En continuant le texte, ce qui pourrait nous étonner, c’est que Jésus dise que ce commandement est nouveau. Comment peut-il être nouveau alors que la Loi contenue dans le Premier Testament en parlait déjà ? Oui, c’est vrai que la Loi en parlait, mais Jésus a quand même raison de dire que, dans sa bouche, ce commandement est un commandement nouveau. En effet, c’est par son ampleur qu’il est nouveau. Dans le judaïsme, l’amour des autres restait quand même un amour qui se vivait dans un cercle restreint, le prochain à aimer était le proche assez proche. Jésus fera sauter cette restriction, notamment dans la parabole du bon samaritain. Comme je l’ai dit, il nous demande d’aimer tous les autres, tous ceux qui sont autres. Et il y a un autre aspect qui rend ce commandement nouveau, c’est la démesure dans laquelle il doit être vécu : Comme je vous ai aimés, vous aussi aimez-vous les uns les autres. Toute la nouveauté est dans le petit mot « comme ». C’est un amour vécu sans mesure que Jésus nous commande, un amour allant jusqu’au don de nous-mêmes. St Bernard résumera cela dans une très belle formule en disant que la seule mesure pour l’amour, c’est d’aimer sans mesure !
En entendant tout cela, on aurait vite envie de dire : mais on n’y arrivera jamais, on n’arrivera jamais à aimer comme Jésus, on n’arrivera jamais à aimer ceux qui sont trop « autres » que nous. Oui, c’est vrai, c’est largement au-dessus de nos forces. Et ce constat nous explique pourquoi nous lisons ce texte dans le temps pascal alors qu’il nous rapporte une parole prononcée par Jésus avant sa mort. Le temps pascal, c’est justement ce temps après Pâques qui nous tourne vers la Pentecôte et le don de l’Esprit-Saint.
C’est vrai qu’essayer de vivre ce commandement de l’amour dans l’ampleur que Jésus lui donne est au-dessus de nos forces, mais ce que nous ne pouvons pas réaliser en comptant uniquement sur nos pauvres forces, l’Esprit-Saint peut nous donner la force de l’accomplir.

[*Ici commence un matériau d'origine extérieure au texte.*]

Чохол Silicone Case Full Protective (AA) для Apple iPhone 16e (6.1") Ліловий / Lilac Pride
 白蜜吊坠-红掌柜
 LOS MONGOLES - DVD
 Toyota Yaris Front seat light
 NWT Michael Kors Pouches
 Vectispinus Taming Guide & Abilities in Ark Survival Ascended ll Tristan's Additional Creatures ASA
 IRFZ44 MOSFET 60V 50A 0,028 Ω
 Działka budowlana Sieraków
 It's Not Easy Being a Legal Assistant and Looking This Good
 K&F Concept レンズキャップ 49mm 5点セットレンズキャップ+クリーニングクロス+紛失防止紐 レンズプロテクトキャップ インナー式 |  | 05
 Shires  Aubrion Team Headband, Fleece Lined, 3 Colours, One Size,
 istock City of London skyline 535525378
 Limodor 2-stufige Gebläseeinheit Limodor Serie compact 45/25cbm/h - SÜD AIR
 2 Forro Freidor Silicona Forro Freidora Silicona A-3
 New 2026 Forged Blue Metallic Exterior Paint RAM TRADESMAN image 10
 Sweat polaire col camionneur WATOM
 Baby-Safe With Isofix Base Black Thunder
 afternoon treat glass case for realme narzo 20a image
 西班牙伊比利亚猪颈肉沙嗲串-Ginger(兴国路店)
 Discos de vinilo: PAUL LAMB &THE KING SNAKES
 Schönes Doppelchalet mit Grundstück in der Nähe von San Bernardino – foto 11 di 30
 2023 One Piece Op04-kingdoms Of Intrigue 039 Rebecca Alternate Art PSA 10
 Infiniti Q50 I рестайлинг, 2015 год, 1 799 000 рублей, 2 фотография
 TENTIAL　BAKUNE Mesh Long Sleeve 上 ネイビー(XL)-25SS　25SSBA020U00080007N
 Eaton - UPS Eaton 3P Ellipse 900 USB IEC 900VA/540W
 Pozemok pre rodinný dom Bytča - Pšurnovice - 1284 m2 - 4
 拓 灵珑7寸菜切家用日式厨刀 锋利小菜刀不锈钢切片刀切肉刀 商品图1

En entendant cela, vous pourriez me dire : mais l’Esprit-Saint, on l’a reçu et on voit bien que ça ne marche pas, qu’il est plus facile de s’aimer les uns les uns, que de s’aimer les uns les autres ! Oui, nous l’avons reçu, mais est-ce que nous le laissons réellement travailler en nous ? Est-ce que nous l’appelons à l’aide quand nous n’arrivons pas à aimer ? L’Esprit-Saint est un fortifiant extraordinaire au sens où il nous rend fort, mais le meilleur des fortifiants, tant qu’on le laisse dans son flacon, il n’a aucun effet ! C’est ça le problème : trop souvent, l’Esprit-Saint que nous avons reçu, nous le laissons dormir dans le paquet-cadeau reçu à notre confirmation, un paquet parfois jamais vraiment déballé ou trop vite refermé.
Par l’intercession de Notre Dame de Laghet, demandons que grandisse en nous le désir de nous laisser renouveler par la puissance du Saint-Esprit afin que l’amour vécu sans mesure soit ce qui donne du poids à nos vies.